These days, all you need to lose weight is diet, exercise, and a smartphone. You know what I'm talking about?

These days, all you need to lose weight is diet, exercise, and a smartphone.

You know what I'm talking about?

Haven't you noticed the trend?

I haven't, either.

Daughter Francesca keeps me abreast of such things, so that I can sound remotely relevant at cocktail parties, which I never attend and doubt even exist anymore.

We begin when I was on my last diet, and Francesca told me that the best way to lose weight was to use an app that was free for your phone, called Lose It!

Unfortunately, I lost it.

Not the app, but the phone.

By the way, the exclamation mark is part of the Lose It! name.
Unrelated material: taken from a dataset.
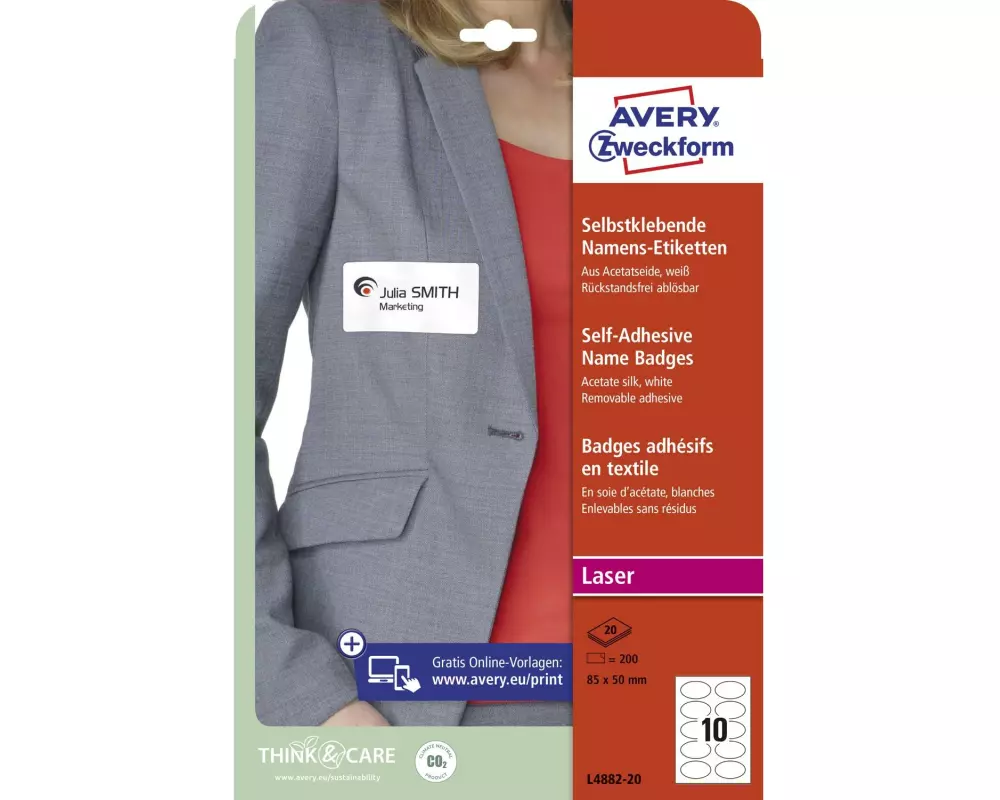Avery Zweckform Namensetiketten 85 x 50 mm, 20 Blatt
Don't think I'm all excited about a diet!

Because I'm not!

I'm excited about food!

Not diets!

And most of the time, I don't Lose It! but Gain It!

Anyway, the way the Lose It! app works is simple.

First, you have to tell it your weight.

Second, you're not allowed to lie.

Right there is the problem.

I never tell anybody my real weight, not even an inanimate object, but you can tell the app that you're five pounds less than what you really are, so in case somebody finds your phone, you have wiggle room.

Just not in your jeans.

And after you tell the app your weight, then it asks you how much weight you want to lose, and when you tell it your goal weight, it laughs for the next 15 minutes.

Just kidding.

But then, through some complex mathematical process, the app figures out how many calories you're allowed per day, in order to reach your goal weight by the end of the century.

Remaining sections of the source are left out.